When arraigned, Garcia requested that the test and reference ampoules used in his breathalyzer test be produced. He was informed that in accordance with the standard police department procedure, both ampoules had been destroyed. Garcia then moved to suppress the results of the breathalyzer test as evidence. His motion was predicated on the contention that had the test and reference ampoules, or a separate sample of his breath, been preserved, he would have been able to submit those items for an independent test of his blood alcohol level. He contended that the test could have been conducted by experts of his own choosing and would have been available to impeach or verify the result indicated by the breathalyzer.

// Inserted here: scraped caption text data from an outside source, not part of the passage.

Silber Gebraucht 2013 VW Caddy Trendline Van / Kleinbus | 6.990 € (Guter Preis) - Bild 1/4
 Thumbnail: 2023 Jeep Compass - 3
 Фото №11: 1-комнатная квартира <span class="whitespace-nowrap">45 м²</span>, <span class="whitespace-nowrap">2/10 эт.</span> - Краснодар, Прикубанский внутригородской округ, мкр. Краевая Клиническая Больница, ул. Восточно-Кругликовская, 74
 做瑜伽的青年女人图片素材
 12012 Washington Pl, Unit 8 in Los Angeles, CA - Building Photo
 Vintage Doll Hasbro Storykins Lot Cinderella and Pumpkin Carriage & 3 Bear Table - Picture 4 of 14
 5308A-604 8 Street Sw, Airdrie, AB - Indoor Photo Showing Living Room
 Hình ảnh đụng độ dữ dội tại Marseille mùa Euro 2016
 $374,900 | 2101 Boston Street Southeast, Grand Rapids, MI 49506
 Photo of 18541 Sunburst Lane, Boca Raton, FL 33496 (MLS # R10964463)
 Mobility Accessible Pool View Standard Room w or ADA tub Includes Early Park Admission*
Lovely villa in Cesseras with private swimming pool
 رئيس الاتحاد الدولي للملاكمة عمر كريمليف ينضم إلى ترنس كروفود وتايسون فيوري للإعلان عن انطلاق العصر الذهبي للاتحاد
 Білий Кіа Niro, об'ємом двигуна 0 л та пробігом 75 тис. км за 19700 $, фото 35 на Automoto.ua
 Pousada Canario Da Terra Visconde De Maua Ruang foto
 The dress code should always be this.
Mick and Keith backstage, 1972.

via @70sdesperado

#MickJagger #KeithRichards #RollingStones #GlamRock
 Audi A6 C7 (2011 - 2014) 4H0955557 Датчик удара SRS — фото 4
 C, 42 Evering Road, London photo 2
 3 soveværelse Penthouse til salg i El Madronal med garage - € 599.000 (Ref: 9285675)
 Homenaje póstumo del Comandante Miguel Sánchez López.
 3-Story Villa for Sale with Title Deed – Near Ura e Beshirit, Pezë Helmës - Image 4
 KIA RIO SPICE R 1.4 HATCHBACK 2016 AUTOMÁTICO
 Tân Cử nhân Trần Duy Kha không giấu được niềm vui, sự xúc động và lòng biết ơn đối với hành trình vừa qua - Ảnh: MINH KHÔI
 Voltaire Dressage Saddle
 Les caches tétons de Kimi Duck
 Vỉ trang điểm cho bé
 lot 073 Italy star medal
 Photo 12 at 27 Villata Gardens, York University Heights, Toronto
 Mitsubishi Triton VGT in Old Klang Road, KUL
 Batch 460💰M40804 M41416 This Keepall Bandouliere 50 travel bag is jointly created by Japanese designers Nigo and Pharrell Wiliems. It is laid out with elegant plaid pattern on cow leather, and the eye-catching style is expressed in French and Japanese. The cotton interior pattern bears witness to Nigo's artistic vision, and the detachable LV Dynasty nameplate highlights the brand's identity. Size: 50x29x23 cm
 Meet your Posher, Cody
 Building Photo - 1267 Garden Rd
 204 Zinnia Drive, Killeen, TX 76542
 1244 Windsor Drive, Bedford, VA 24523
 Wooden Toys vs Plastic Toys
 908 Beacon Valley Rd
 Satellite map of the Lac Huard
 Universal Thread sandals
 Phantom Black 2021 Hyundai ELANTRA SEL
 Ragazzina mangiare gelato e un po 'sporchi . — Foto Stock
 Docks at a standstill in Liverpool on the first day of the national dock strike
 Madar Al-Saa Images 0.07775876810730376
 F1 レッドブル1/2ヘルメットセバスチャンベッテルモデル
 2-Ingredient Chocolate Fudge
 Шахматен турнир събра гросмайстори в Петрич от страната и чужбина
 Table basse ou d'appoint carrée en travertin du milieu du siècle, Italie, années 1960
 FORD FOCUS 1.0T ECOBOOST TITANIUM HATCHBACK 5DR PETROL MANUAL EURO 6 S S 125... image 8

A stipulation appears in the record to establish that the breathalyzer machine which was used to test Garcia's breath was certified by the Colorado State Board of Health, was in proper working order, and was operated by a qualified person. Expert testimony was produced in the trial court to establish the manner in which the breathalyzer machine was operated and the feasibility of maintaining the test and reference ampoules and a separate breath sample. There was conflicting testimony, but it was conceded that a sample of Garcia's breath could have been preserved at a minor expense by a number of methods. Experts called by the defense testified that the preservation of the test and reference ampoules would have enabled them to determine whether the proper amount of solution was in each vial and whether the proper amount of potassium dichromate was present in the solution, as well as whether the glass ampoules were of the correct diameter and free of imperfections. The defense expert testified that the standard solution (potassium dichromate), the glass ampoule's diameter, and the other factors which were outlined could have affected the accuracy of the test. It was also the opinion of the defense experts that the preservation of a breath sample would have enabled an independent laboratory test.

The trial court concluded that the test and reference ampoules could not easily be preserved and that, thus, the state was under no...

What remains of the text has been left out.